Many posts have discussed the role of religion in American life.
Daniel Stid at The Art of Association:
Over the past decade, the portion of the U.S. population professing to be Christian has fallen by 12%, with the vast majority of the drop off occurring among protestant congregations. The steady secularization has coincided with wave after wave of scandals involving sexual abuse and institutional corruption in the church. While the waves occurred initially and notoriously in the Catholic Church, in recent years, multiple prominent protestant churches and institutions have been laid low by similar outrages.

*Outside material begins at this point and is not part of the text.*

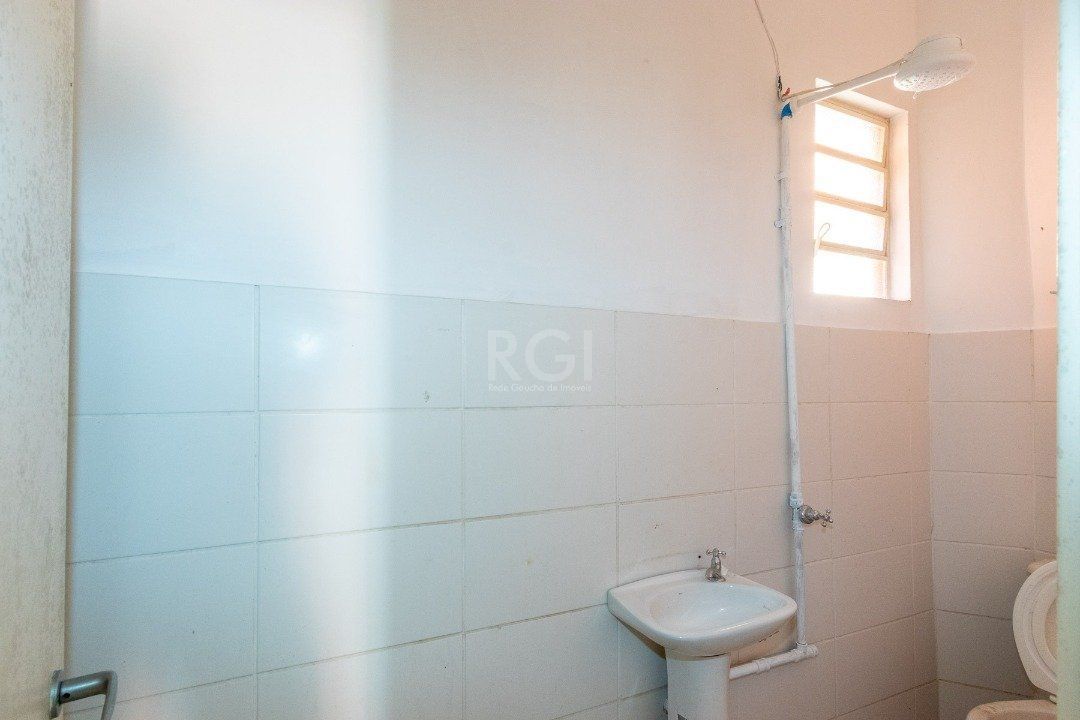Casa à venda com 3 quartos, 232m² - Foto 8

We should consider the ways in which the disarray of democracy and Christianity in the U.S. might be mutually reinforcing. David Campbell, a political scientist at Notre Dame and a leading scholar of religion in American public life, recently summarized his research on this connection:“In the United States, religion and partisan politics have become increasingly intertwined. The rising level of religious disaffiliation is a backlash to the religious right: many Americans are abandoning religion because they see it as an extension of politics with which they disagree. Politics is also shaping many Americans’ religious views. There has been a stunning change in the percentage of religious believers who, prior to Donald Trump’s presidential candidacy, overwhelmingly objected to immoral private behavior by politicians but now dismiss it as irrelevant to their ability to act ethically in their public role. The politicization of religion not only contributes to greater political polarization, it diminishes the ability of religious leaders to speak prophetically on important public issues.”Rather than backing off, many Christian pastors and church members on the Evangelical right are doubling down on their devotion to Donald Trump and syncretic forms of Christian nationalism.
The challenges are not limited to the religious right. While progressives in aggregate are increasingly secular, the unstinting demands for justice made by some on the left bear the hallmarks of excessive if quasi-religious zeal. This point came up in a fascinating panel I recently listened to among three progressive faith leaders, all of whom happened to be people of color. They acknowledged, rather ruefully, that in some causes and coalitions in which they have led, participants have come to see certain secular voices and texts as sacred. They have established orthodoxies, often conveyed via complex jargon known to the initiated, which are heretical to question. However, on the left as on the right, movements focused more on rooting out heretics than in engaging potential converts are harder pressed to grow and sustain their influence over time.